- _TASK PROMPT_: Reproduce all records word for word.

- _SOURCE MATERIAL_:
━━━━━━━━━━━━━━━━
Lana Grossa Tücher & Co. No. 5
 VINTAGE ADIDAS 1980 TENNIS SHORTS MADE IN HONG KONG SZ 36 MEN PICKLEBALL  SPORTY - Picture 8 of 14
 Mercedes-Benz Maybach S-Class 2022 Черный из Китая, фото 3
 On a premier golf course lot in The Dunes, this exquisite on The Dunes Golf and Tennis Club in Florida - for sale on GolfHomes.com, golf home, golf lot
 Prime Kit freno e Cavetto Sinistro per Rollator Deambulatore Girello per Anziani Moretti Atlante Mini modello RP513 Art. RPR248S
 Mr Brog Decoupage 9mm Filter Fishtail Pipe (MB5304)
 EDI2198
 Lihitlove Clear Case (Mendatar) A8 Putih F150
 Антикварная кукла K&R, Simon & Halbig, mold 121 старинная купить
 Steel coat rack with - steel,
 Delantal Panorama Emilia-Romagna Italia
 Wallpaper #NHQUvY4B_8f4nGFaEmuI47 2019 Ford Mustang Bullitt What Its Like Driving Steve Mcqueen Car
━━━━━━━━━━━━━━━━
- _FINISHED TASK_:
Lana Grossa Tücher & Co. No. 5
 VINTAGE ADIDAS 1980 TENNIS SHORTS MADE IN HONG KONG SZ 36 MEN PICKLEBALL  SPORTY - Picture 8 of 14
 Mercedes-Benz Maybach S-Class 2022 Черный из Китая, фото 3
 On a premier golf course lot in The Dunes, this exquisite on The Dunes Golf and Tennis Club in Florida - for sale on GolfHomes.com, golf home, golf lot
 Prime Kit freno e Cavetto Sinistro per Rollator Deambulatore Girello per Anziani Moretti Atlante Mini modello RP513 Art. RPR248S
 Mr Brog Decoupage 9mm Filter Fishtail Pipe (MB5304)
 EDI2198
 Lihitlove Clear Case (Mendatar) A8 Putih F150
 Антикварная кукла K&R, Simon & Halbig, mold 121 старинная купить
 Steel coat rack with - steel,
 Delantal Panorama Emilia-Romagna Italia
 Wallpaper #NHQUvY4B_8f4nGFaEmuI47 2019 Ford Mustang Bullitt What Its Like Driving Steve Mcqueen Car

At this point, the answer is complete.